The disadvantage of TOSEM algorithm in the context of ECG-gated reconstruction is, of course, that it requires knowledge of both projection angle and ECG bin-specific acquisition times. This would practically necessitate access to list-mode data, which could render the algorithm inaccessible for some laboratories. However, several SPECT camera manufacturers (Philips, Siemens, GE, Mediso, and Spectrum Dynamics Medical) support data recording in list-mode format, so we do not expect this to become an issue. Alternatively, one could request the camera manufacturer to alter the SPECT camera’s binner software to output an array of acquisition times in addition to projection images, thus enabling the use of the TOSEM algorithm.

Instead of the TOSEM algorithm, one could also use the OSEM algorithm and retrospectively scale the total image activity in the last ECG bins to the level of the first ECG bins. This is the approach applied by Ludwig et al. [6]. However, one might want to be prudent in scaling the activity as the authors themselves left the last ECG bins unaltered if their relative activity was higher than 90% [6]. In case of TOSEM, no retrospective scaling is necessary as the shorter total acquisition time of the last ECG bins is accounted for in the reconstruction and thus they are automatically scaled to correct activity levels.
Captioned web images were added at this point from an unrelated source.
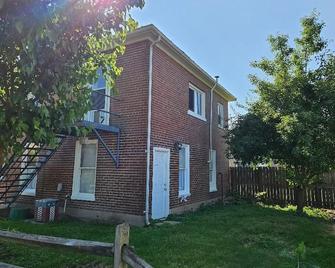 River City Escape - Lawrenceburg - Bâtiment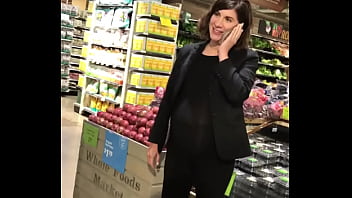 Troubleshoot reccomend milf teasing cock grocery store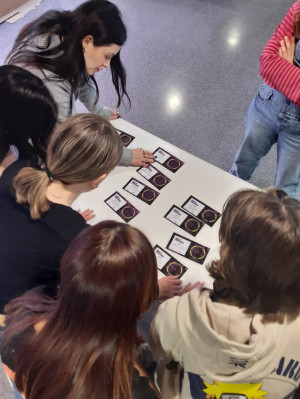 Dimecres 11 de març  – Scape Room 8M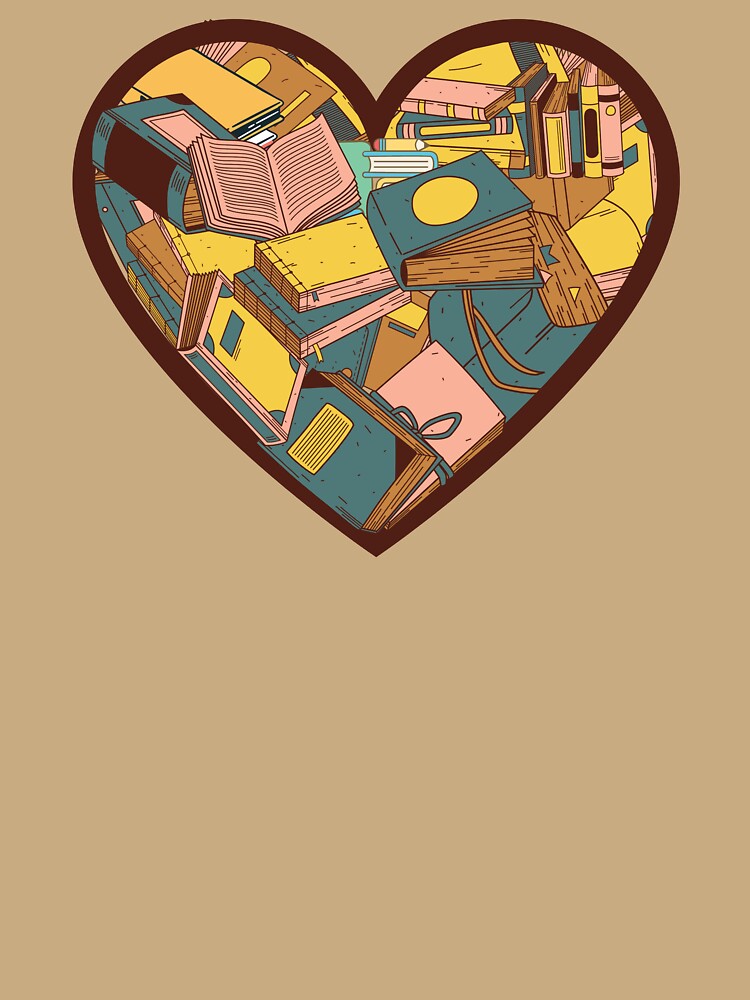 Book Lover Shirt Gift For Librarian Shirt by bonus24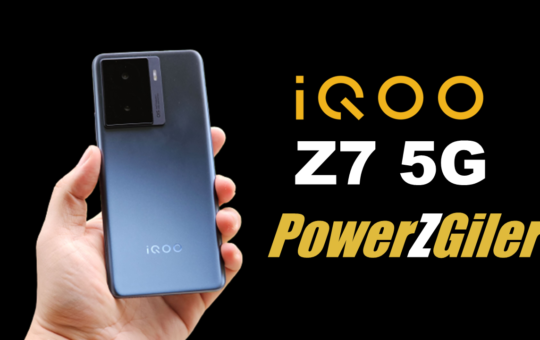 iQOO Z7 5G系列
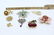 Lot: Signed Designer Brooches - 2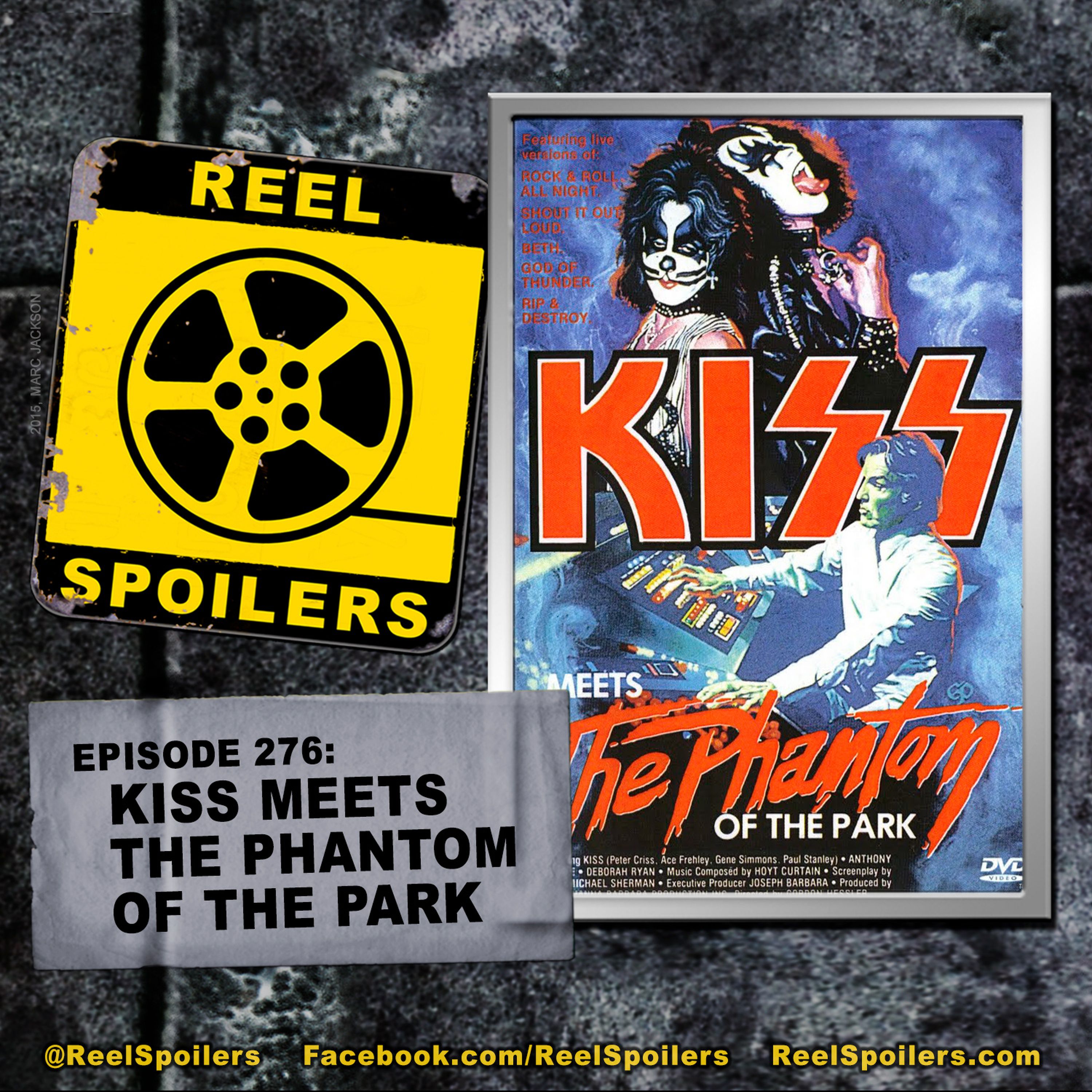276: 'KISS Meets the Phantom of the Park' Image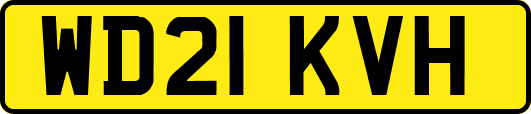 WD21KVH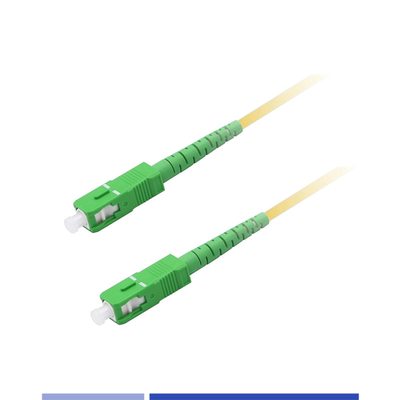 Mua SC/APC đến SC/APC Cáp vá sợi đơn chế độ Simplex LSZH 3m 2,0mm sản xuất trực tuyến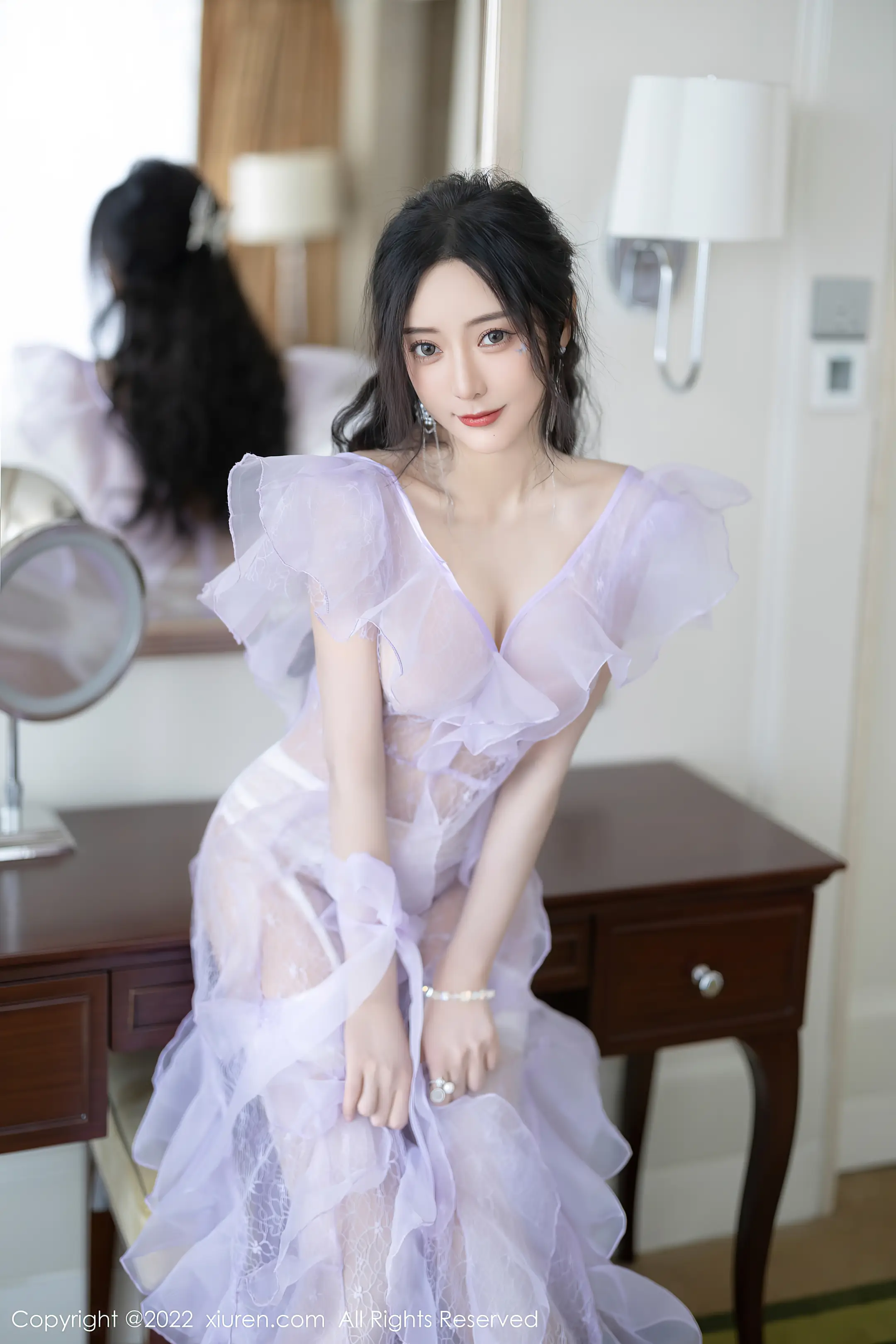 [秀人网] 2022.04.29 – NO.4949 王馨瑶yanni#[102P]-36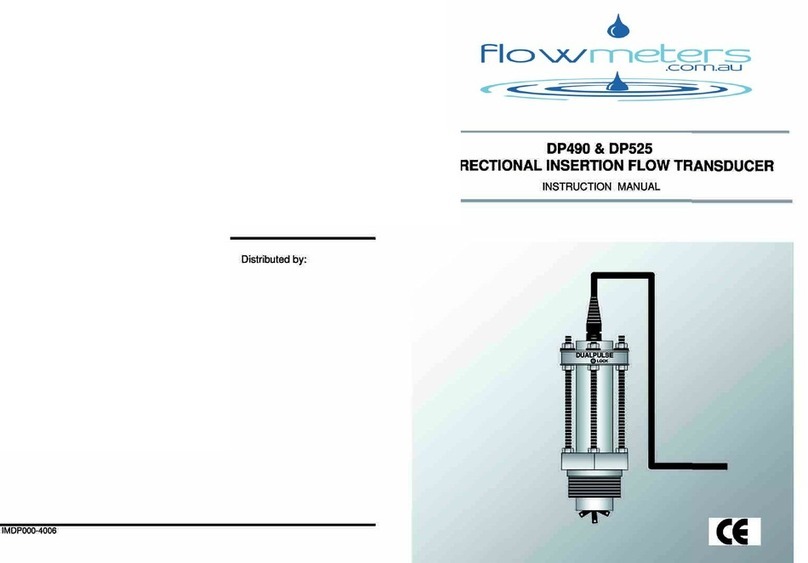DUALPULSE DP490 instruction manual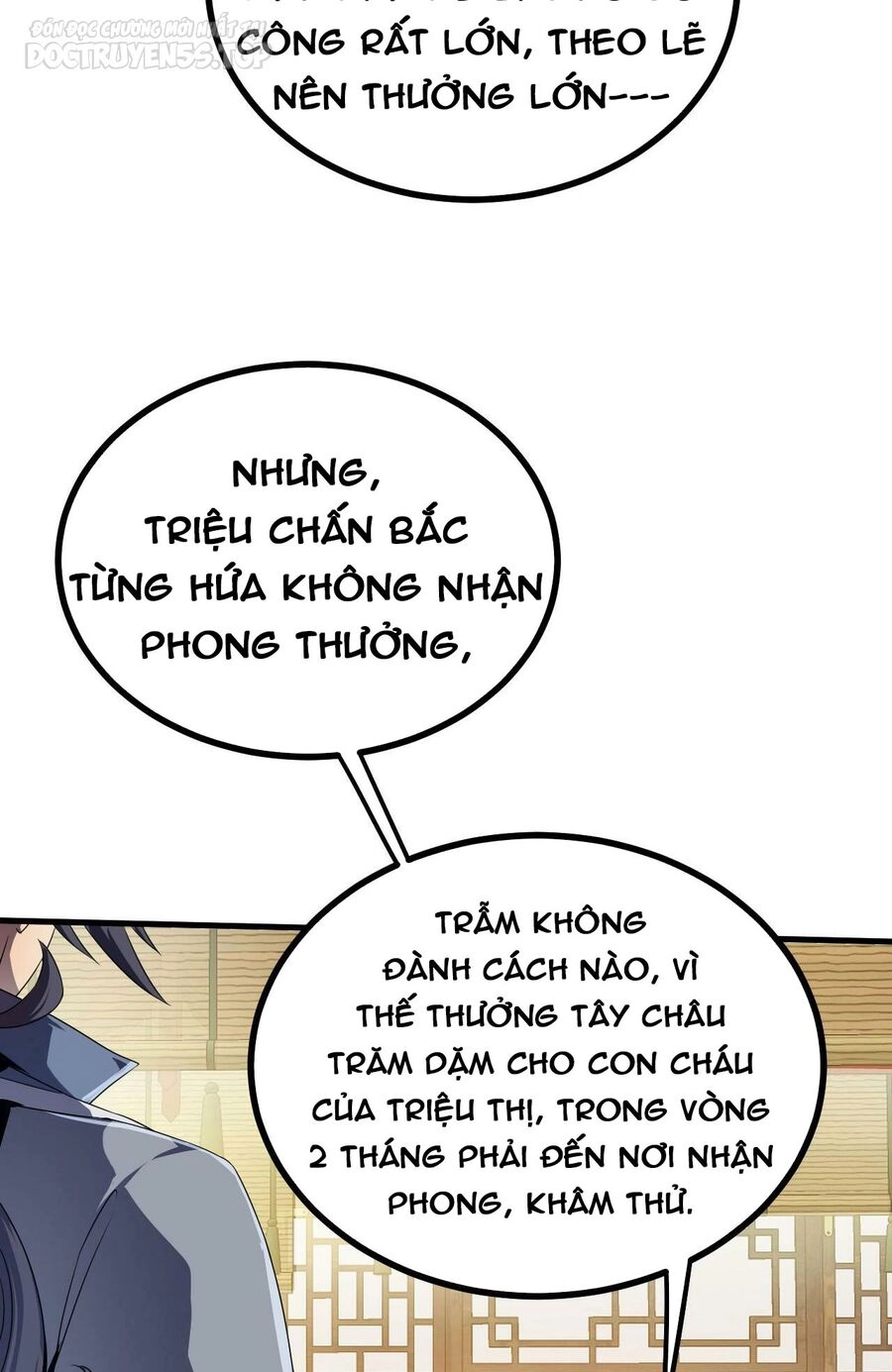 Thiên Đạo Nguyền Rủa Ư? Ta Nghịch Thiên!! Chapter 35 - 57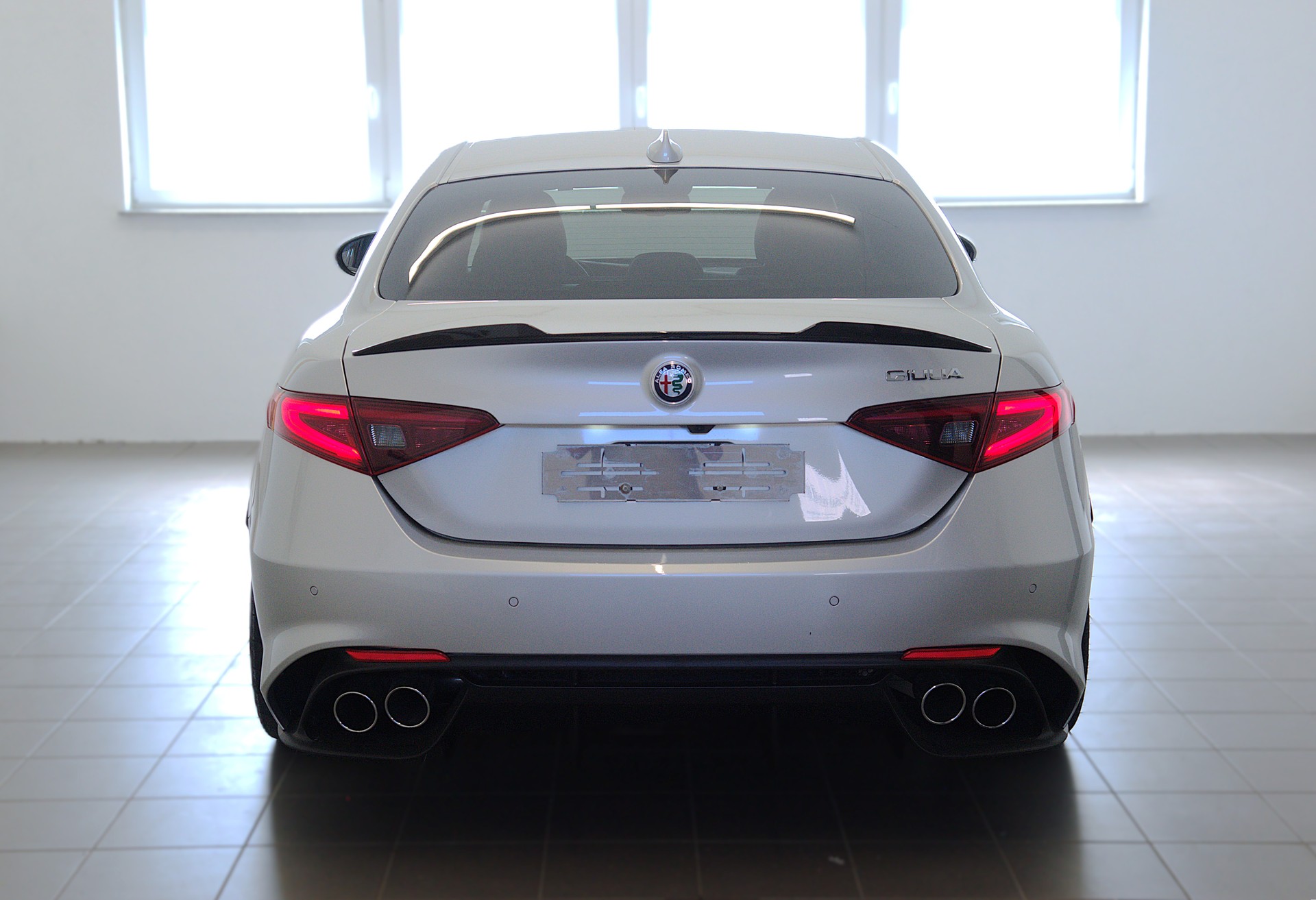 ALFA ROMEO Giulia 2.9 V6 Quadrifoglio Automatic-image-4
HRV generally decreases with age and development of cardiac diseases [20]; therefore, one could infer that typical patients undergoing myocardial perfusion SPECT (old and suspected to have cardiac diseases) do not suffer from HRV-induced artifacts. Our results indicate this is not the case: even for our patient with the lowest SDR-R (0.011, or 9.1 ms) the AR value was only 92.5%, which is sufficiently low to induce artifacts to phase analysis assessed from OSEM-reconstructed images (Figure 3). As AR value decreases further due to a larger degree of HRV, the changes in phase analysis parameters become significantly greater. Therefore, as some degree of HRV is inevitable during myocardial perfusion SPECT imaging, we recommend reconstructing the patient data with TOSEM algorithm if phase analysis is required.

Conclusions

The degree of data shortage in the last ECG bin is strongly associated with heart rate variability. Phase analysis assessed from TOSEM-reconstructed images is more robust to the data shortage effect than phase analysis assessed from OSEM-reconstructed images. If phase analysis is required, we recommend reconstructing the data with the TOSEM algorithm.